Wednesday, 15 July 2009

Certification Exams Tips, Tricks and Trials

This was on the wall in the classrooms at triOS College where I did my college diploma in IT. I asked a teacher for a copy and have one up in my den at home and one up above my desk at work. It is a great tool to help you in preparing for certification exams, if it is your first or 21st exam, I still find it helpful to review regularly while preparing for certs.

Certification Exam Preparation Guide

The following are concepts and ideas that will help the student prepare for a certification exam. This is to be used in conjunction with hard work and studying, not as a replacement.

1. Read the questions and answer it if possible before reading the answers supplied. Most exam questions are designed to confuse the student who does not know the answer. The problem with this technique is that it also confuses students who are nervous or who have low self-esteem, even though they know the answer they will quite often select the wrong answer.

2. While answering
the questions, be sure to identify why the answer is correct or incorrect. This makes each question valuable as a learning tool. It may be time consuming when you first start but it will be worth the investment. You will turn each selection into a learning experience.

3. Some questions are essay format or provide extra information that is irrelevant. This is meant to confuse the student who does not know the answer but again this technique tends to confuse students who are nervous or who have low self-esteem. One way to approach this type of question (this works with any question) is to pick out key words. Sometimes one word can change the answer. Examples are:

NOT
BEST
ALL

SHOULD / SHOULD NOT

4. When answering scenario questions, read each "Required" choice and d
etermine in a word or two what is needed to meet this requirement. Repeat this with the "Optional" statements. As you read the "Proposed Solution", identify the required and optional statements that are met or not met.

5. With large questions, always read the statement with the "?" first. Determine what is being asked and then read the rest of the question and pick out the relevant information. This avoids re-
reading the question numerous times, which can be time consuming and confusing in the long run.

6. The exams are timed, so if you come across a question that you are unsure of, mark it and come back at the end. Quite often there are questions further on that may answer the one you were not sure of.

7. Never change your answer. Students tend to select the correct answer, doubt themselves and change the
answer to an incorrect answer.
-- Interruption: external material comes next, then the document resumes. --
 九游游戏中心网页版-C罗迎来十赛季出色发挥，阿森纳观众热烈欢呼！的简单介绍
If you choose it to start with, even if it was subconscious, there was a reason for the choice.

8. If you are unsure of the answer, most times you can narrow it down to two through the process of elimination.
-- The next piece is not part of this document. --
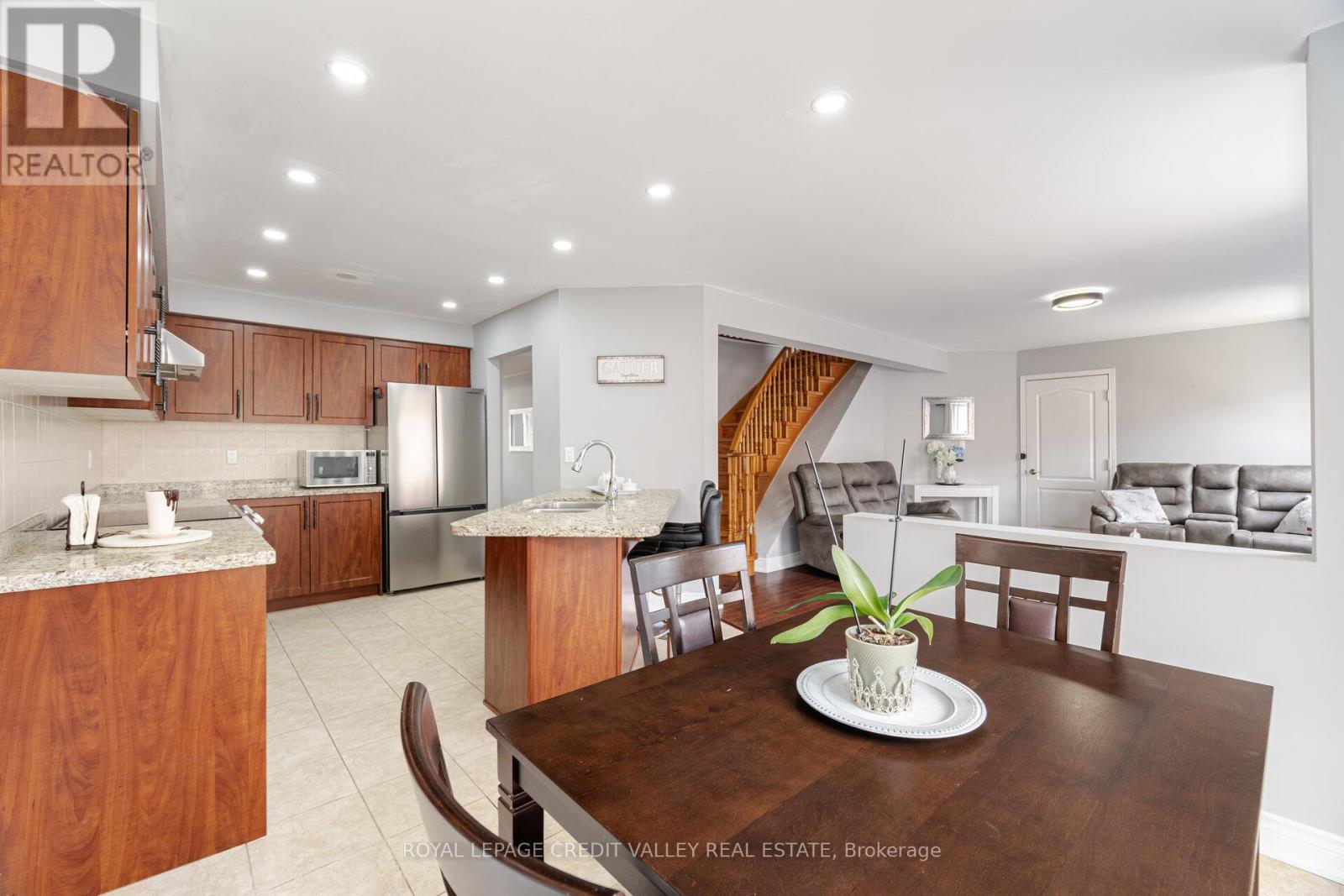 12 Greenhalf Drive, Ajax (South East), Ontario  L1S 7N6 - Photo 16 - E12206859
9. If the question is asking about commands that can be run from the command prompt and you are
unsure, the commands never exceed the DOS naming convention of 8.3.

10. Do not be afraid to write things down, even simple things can be forgotten under pressure. Draw the question as it is being described, visual representations always help.

(This came from one of my instructors Jason Eckert, posted with permission. Thanks for sharing the knowledge.)

On a disappointing note Nexient Learning Center Kitchener just canceled all exams for the next 5 weeks. With no notice, I was scheduled to write an exam tomorrow but received a call from Prometric stating the testing center is closed without notice, the closest testing center is over an hour away. Nexient had already closed Fridays for the last 2 months, and had a week shut down. I hope this is temporary and not the death throws of Nexient in Kitchener. triOS had closed their local testing center over 18 months ago to turn the space into classrooms.

On a positive note, I recently won a voucher for any Microsoft exam from the IT Career JumpStart blog. I am one of 6 IT Professionals being profiled. It should be a great series, the other 2 posted so far were interesting and informative. (My profile.)

3 comments:

SRMcEvoy said...

After posting this I found out that Nexient had filed for protection from creditors about 3 weeks prior to my experiences and this post. Yet the two were unrelated. Last week I showed up to write an exam and Nexient still had no testing center active. They said that they had informed Prometric the week before but after speaking with Prometric there was no ticket on their end to that effect. Today I received notice that Nexient had merged with Global Knowledge. We shall see if this brings any change to there exam service or the number of courses that are offered and then canceled because of enrollment issues.

zak said...

Point 9 can confuse some novices, because Powershell supports longer name for cmdlets.

Steven R. McEvoy said...

Zak that is true but this is also years old.